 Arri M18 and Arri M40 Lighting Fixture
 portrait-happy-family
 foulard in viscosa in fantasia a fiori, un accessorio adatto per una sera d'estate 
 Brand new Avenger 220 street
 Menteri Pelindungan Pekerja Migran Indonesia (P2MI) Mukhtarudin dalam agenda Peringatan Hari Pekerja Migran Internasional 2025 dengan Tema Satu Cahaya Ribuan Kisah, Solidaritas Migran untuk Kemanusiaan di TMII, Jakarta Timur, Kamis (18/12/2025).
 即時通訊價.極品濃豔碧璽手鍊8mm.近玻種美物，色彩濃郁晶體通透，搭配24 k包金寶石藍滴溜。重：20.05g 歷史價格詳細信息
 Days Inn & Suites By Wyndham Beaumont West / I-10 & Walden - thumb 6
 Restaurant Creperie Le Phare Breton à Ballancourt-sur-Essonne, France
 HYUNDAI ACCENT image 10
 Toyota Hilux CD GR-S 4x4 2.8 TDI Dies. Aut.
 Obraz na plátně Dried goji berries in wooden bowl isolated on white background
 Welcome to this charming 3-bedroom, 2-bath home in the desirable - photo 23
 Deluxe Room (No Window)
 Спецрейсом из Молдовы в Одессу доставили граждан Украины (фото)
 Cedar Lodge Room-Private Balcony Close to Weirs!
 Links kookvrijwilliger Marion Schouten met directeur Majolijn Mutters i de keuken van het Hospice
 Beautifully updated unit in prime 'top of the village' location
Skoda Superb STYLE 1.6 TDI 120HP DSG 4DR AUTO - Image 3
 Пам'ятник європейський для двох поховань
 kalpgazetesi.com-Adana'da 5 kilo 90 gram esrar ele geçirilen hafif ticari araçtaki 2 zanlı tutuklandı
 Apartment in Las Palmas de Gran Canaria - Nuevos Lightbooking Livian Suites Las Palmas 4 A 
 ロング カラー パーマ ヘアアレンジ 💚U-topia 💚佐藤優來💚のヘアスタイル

**Assignment**
Please report every line in the entries above that holds the string "Suites".

**Answer**
 Days Inn & Suites By Wyndham Beaumont West / I-10 & Walden - thumb 6
 Apartment in Las Palmas de Gran Canaria - Nuevos Lightbooking Livian Suites Las Palmas 4 A 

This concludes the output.